Police in Alabama and North Carolina have made two arrests in the eerily similar shooting deaths of two female college students, both with connections to Hillel, on different campuses.

Lauren Burk.
18-year old Lauren Burk, a Jewish freshman at Auburn University, was found shot once in the head and left for dead on an Alabama highway, a mile from campus on the evening of March 4. Just 20 minutes later, the fire department responded to a campus parking lot where her 2001 Honda Civic was engulfed in flames.
Courtney Lockhart, an Alabama native who served in Iraq, confessed on March 11 to abducting Burk from campus. Lockhart is charged with murder and attempted rape. Under Alabama law, he could receive the death penalty if convicted.
Not long after Burk's body was found and nearly 500 miles away, in the early morning hours of March 5, 22-year old Eve Carson was found shot in the head in a residential neighborhood not far from her campus. Carson was a senior and the student body president at University of North Carolina, Chapel Hill. Her Toyota Highlander was later found abandoned a mile from the murder scene.

Eve Carson.
Exactly one week later, North Carolina police arrested 21-year old Demario James Atwater in connection with her killing.
They are still seeking another suspect, 17-year old Lawrence Alvin Lovett Jr., who they believe was also involved. Both men are charged with first-degree murder.
Though Carson was not Jewish, North Carolina Hillel's Program Director Sheila Katz says she was extremely supportive of Hillel on campus. "Eve attended several Shabbat dinners and worked intensely for the group's World AIDS Week last semester," Katz explained.
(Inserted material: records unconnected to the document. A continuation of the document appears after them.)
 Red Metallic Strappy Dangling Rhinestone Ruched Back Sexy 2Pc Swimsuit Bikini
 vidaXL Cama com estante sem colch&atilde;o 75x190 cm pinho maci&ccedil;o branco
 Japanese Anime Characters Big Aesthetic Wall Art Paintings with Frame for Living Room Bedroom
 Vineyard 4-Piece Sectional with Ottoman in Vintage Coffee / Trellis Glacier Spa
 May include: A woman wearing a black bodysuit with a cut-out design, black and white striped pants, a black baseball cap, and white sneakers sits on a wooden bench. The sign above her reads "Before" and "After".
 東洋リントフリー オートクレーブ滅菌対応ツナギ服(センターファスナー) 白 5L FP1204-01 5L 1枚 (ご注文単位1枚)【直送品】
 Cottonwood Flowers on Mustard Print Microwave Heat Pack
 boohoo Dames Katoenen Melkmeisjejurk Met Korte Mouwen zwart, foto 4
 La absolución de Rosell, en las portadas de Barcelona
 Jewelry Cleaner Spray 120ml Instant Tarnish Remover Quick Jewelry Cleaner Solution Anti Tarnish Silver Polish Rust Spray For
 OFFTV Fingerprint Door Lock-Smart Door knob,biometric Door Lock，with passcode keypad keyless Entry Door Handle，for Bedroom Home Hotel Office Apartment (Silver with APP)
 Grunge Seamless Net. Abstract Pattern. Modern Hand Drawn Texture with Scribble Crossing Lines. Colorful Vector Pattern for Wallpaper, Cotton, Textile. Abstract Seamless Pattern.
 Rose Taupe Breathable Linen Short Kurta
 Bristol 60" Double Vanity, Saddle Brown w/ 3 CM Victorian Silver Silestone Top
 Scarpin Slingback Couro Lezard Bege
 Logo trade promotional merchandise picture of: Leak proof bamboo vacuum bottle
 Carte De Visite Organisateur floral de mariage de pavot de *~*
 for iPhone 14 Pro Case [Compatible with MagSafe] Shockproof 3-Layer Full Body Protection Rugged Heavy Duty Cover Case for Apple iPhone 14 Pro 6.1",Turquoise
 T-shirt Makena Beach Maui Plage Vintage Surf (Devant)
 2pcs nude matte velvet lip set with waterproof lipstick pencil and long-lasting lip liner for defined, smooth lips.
Carson's student government cabinet was also comprised of several Jewish students including Andrew Coonin, who is also an intern for Hillel's Campus Entrepreneurship initiative.
In an op-ed piece published in UNC's student newspaper, the Daily Tar Heel, Coonin writes: "I don't know if she knew how important she was to me and my development here at Carolina...She taught me that all it takes is an idea and the willingness to voice that idea...Eve taught me how to lead and have fun....She made things happen; she wouldn't sleep or give up until she found a way for things to work."
In an e-mail to Hillel students at UNC, Katz and her colleagues suggested students light an extra Shabbat candle in Eve's memory, pray for her family, make a charitable donation in her honor, or recite Psalms 23, 130 or 90. Hillel also canceled its evening programming out of respect for Carson.
Since UNC students will be on Spring Break March 8 - 16, a memorial service for the slain student leader is planned for Tuesday, March 18. Carson was buried in her hometown of Athens, Georgia.
Meanwhile, in Burk's hometown of Marietta, Georgia, a memorial service was held at Johnson Ferry Baptist Church (Burk's mother is Baptist) and her funeral will take place at Kol Emeth Synagogue (Burk's father is Jewish).
Rob Kulick, the campus Hillel advisor at Auburn says Burk was not involved with Hillel but was well-known to Hillel students.
"We've sent flowers to [Kol Emeth]," said Kulick, who is also the president of Congregation Beth Shalom in Auburn. "And we will be saying Kaddish for Lauren at tonight's service." A campus-wide memorial service is planned for Monday.
The families of the slain girls live less than 80 miles apart in Atlanta suburbs. Police believe their murders are coincidental and not connected.